■ SUPPLIED RECORDS ■
★ ★ ★ ★
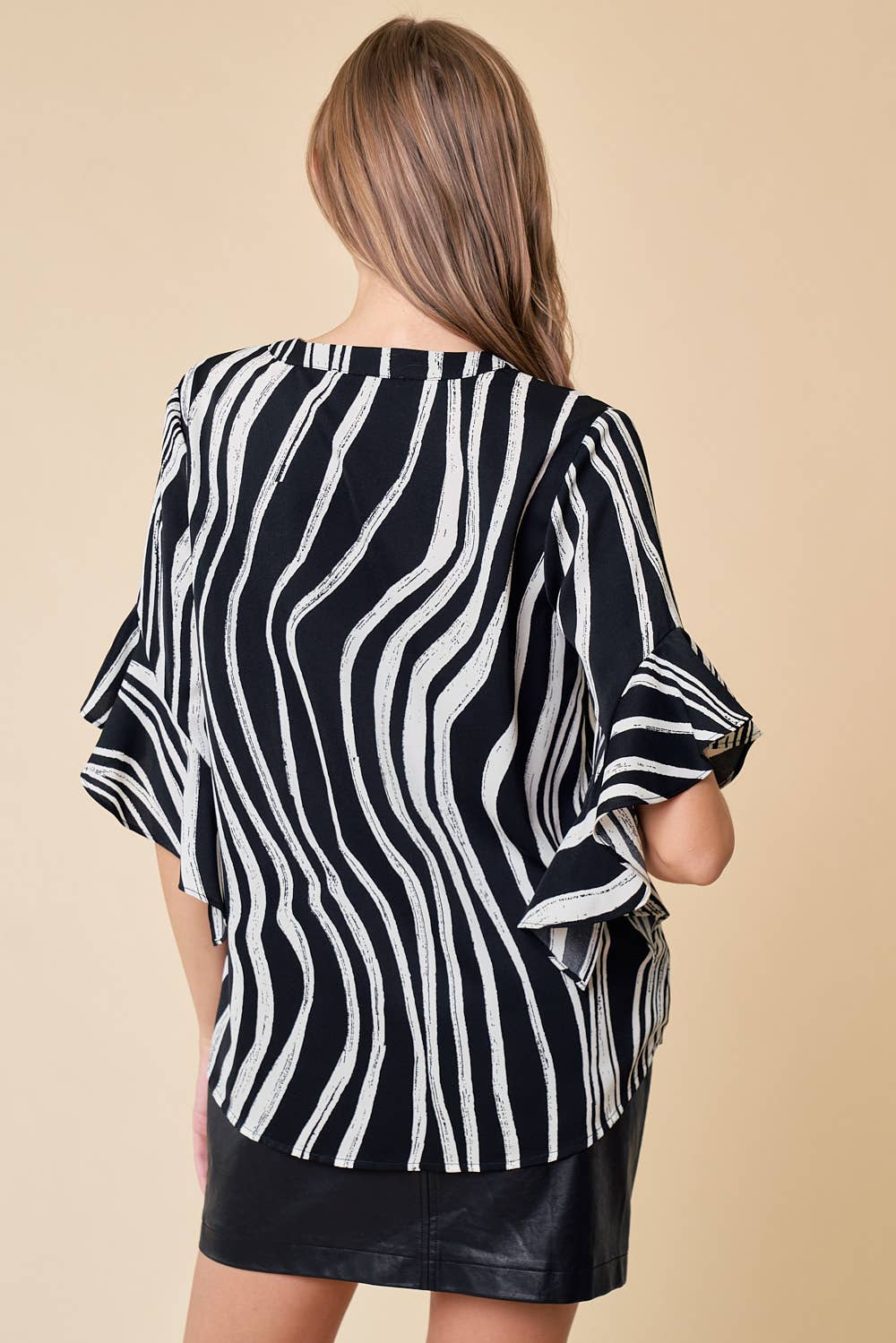 BRUSH STROKE V-NECK BLOUSE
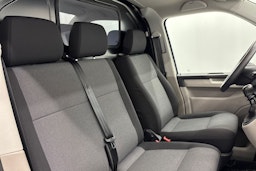 valkoinen Volkswagen Transporter 2018 kuva 9.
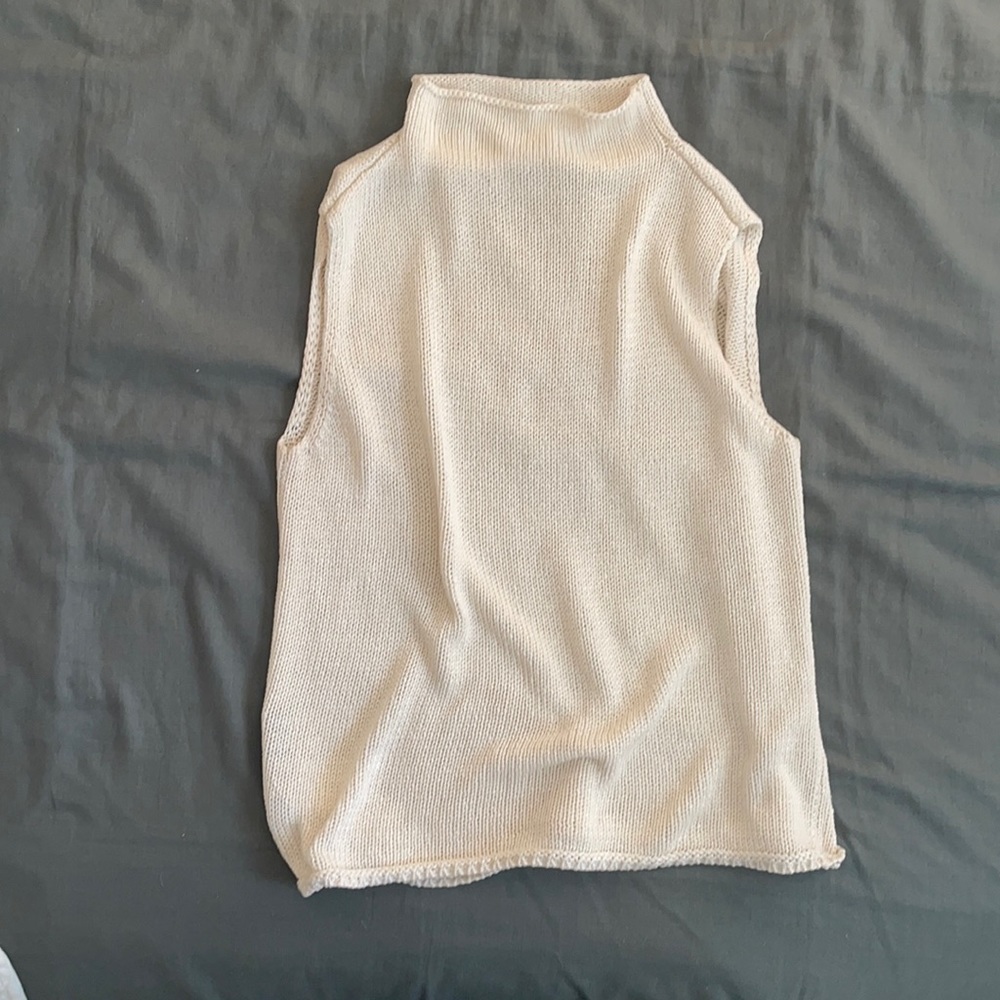 Mock neck Sweater Tank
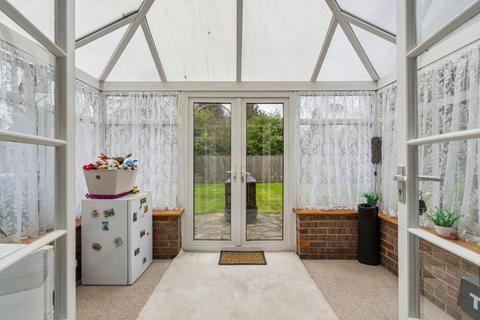 4 bedroom bungalow to rent, Kiln Road, Prestwood, Great Missenden, Buckinghamshire, HP16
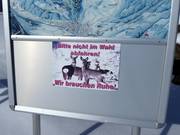 Let op: Gelieve niet door het bos te skiën!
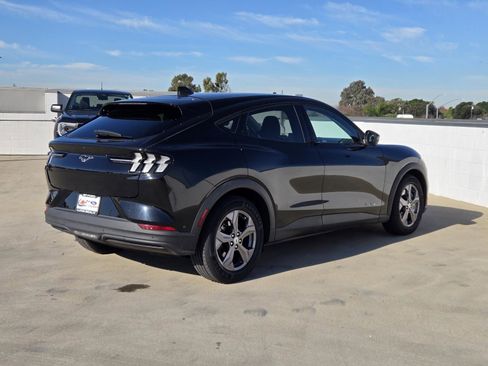 Used 2023 Ford Mustang Mach-E Select image 4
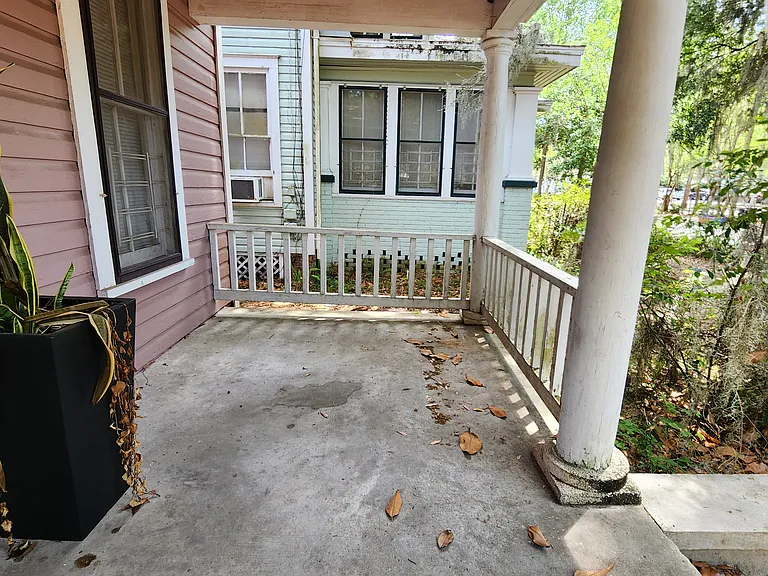 220 NW 3rd Ave — Photo 14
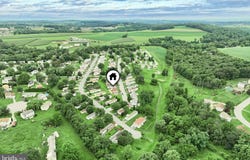 211 ROBIN DRIVE, RED LION, PA 17356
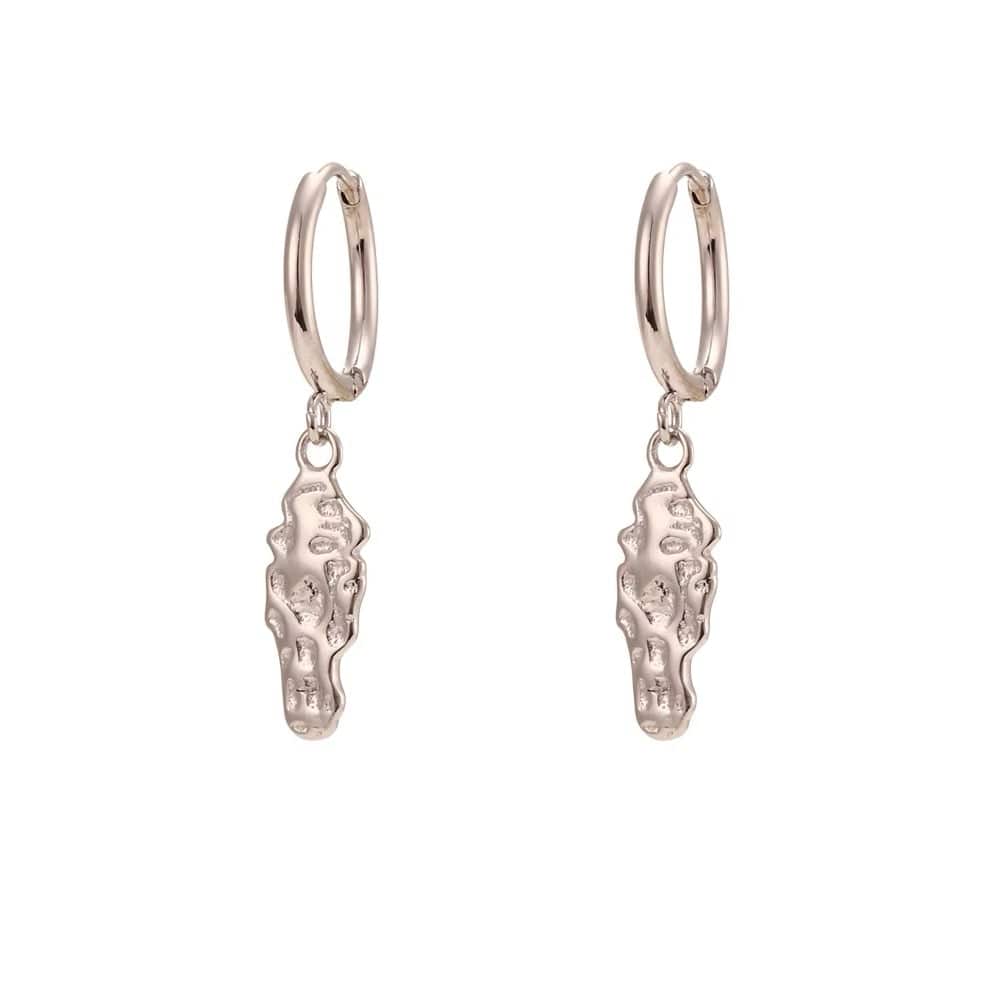 Vandfaste Creoler Med Smukt Organisk Vedhæng - Uniq Perler - 115586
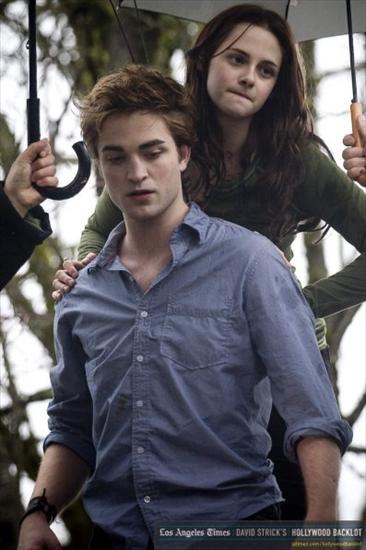 Edward and Bella - Twilight-404-3-sxga.jpg_595.jpg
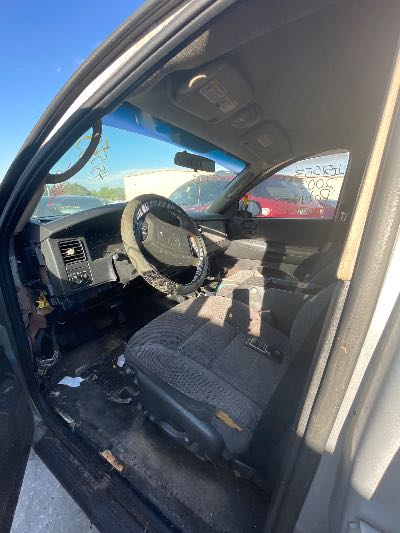 2003 Dodge Durango Location - Chrysler - Row 40 - Stock # H51553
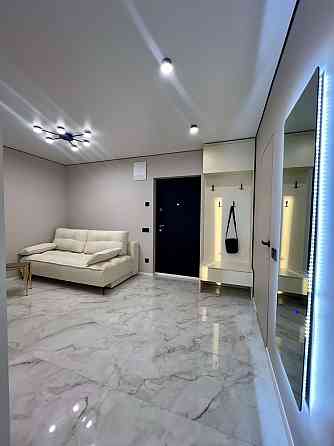 Оренда півторачка 40м ЖК Фемелі Плаза Центр Благо Івано-Франківськ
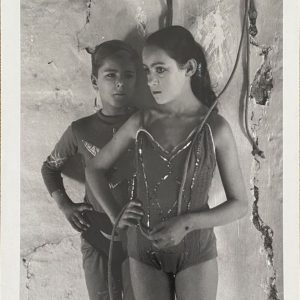 Lucien CLERGUE (1934-2014) - Acrobate et trapéziste, Arles, 1955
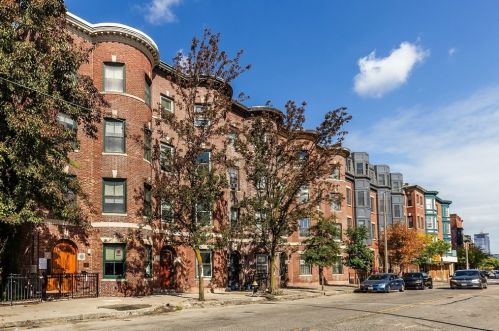885 Harrison Ave, Roxbury-Xing, MA 02118 exterior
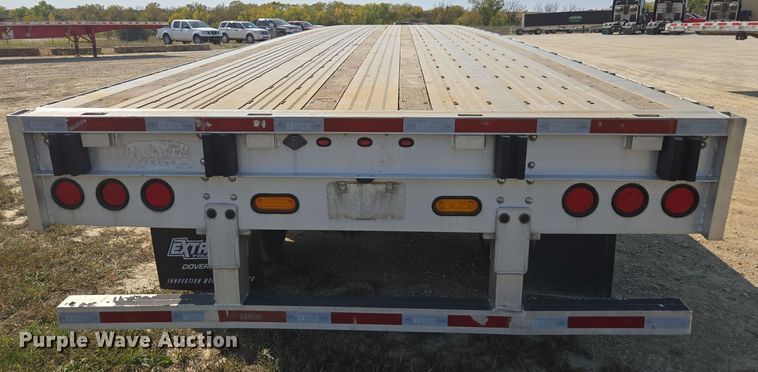 image for item EE7798 2014 Wilson AF-1080SS flatbed trailer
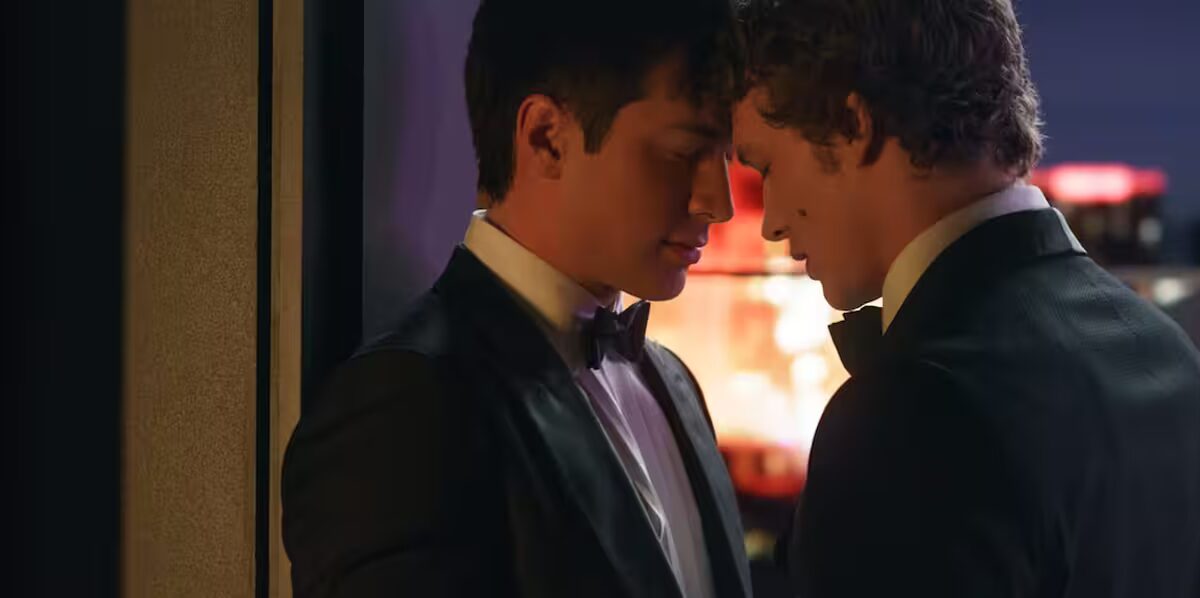 tourisme - Les agences de tourisme de B.C. s'affrontent pour attirer l'attention de l'étoile montante Hudson Williams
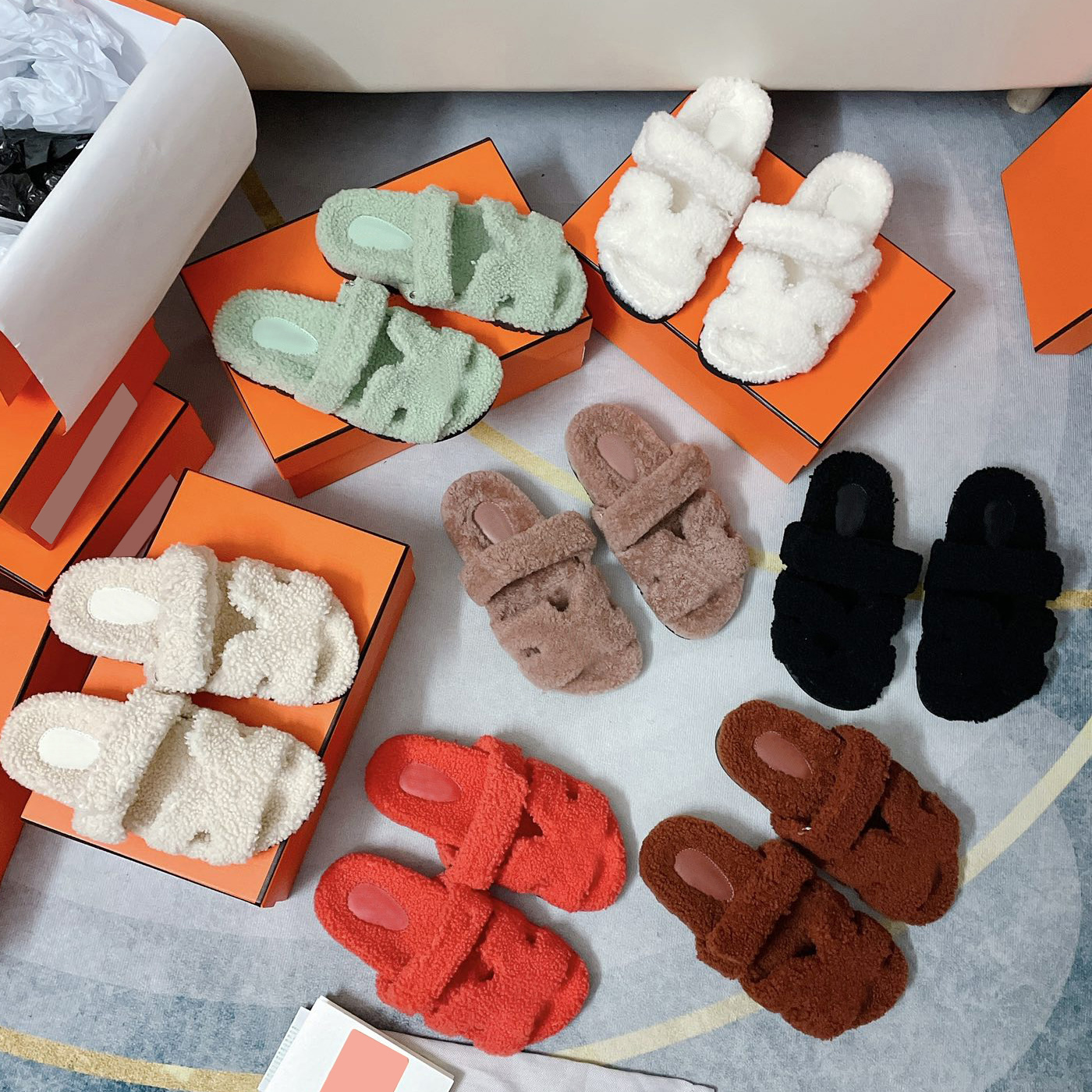 

Classic Beach Slippers Flats Summer Designer Leather Lady Wool Sandals Fashion Women Alphabet Muller Shoes Hotel Bathroom Ladies Sexy Sandals Top Quality, White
★ ★ ★ ★
■ WORK TASK ■
Copy the data character for character, but drop all pictures from the copy.

■ RESPONSE FOR THIS EXERCISE ■
 BRUSH STROKE V-NECK BLOUSE
 valkoinen Volkswagen Transporter 2018 kuva 9.
 Mock neck Sweater Tank
 4 bedroom bungalow to rent, Kiln Road, Prestwood, Great Missenden, Buckinghamshire, HP16
 Let op: Gelieve niet door het bos te skiën!
 Used 2023 Ford Mustang Mach-E Select image 4
 220 NW 3rd Ave — Photo 14
 211 ROBIN DRIVE, RED LION, PA 17356
 Vandfaste Creoler Med Smukt Organisk Vedhæng - Uniq Perler - 115586
 Edward and Bella - Twilight-404-3-sxga.jpg_595.jpg
 2003 Dodge Durango Location - Chrysler - Row 40 - Stock # H51553
 Оренда півторачка 40м ЖК Фемелі Плаза Центр Благо Івано-Франківськ
 Lucien CLERGUE (1934-2014) - Acrobate et trapéziste, Arles, 1955
885 Harrison Ave, Roxbury-Xing, MA 02118 exterior
 image for item EE7798 2014 Wilson AF-1080SS flatbed trailer
 tourisme - Les agences de tourisme de B.C. s'affrontent pour attirer l'attention de l'étoile montante Hudson Williams

Classic Beach Slippers Flats Summer Designer Leather Lady Wool Sandals Fashion Women Alphabet Muller Shoes Hotel Bathroom Ladies Sexy Sandals Top Quality, White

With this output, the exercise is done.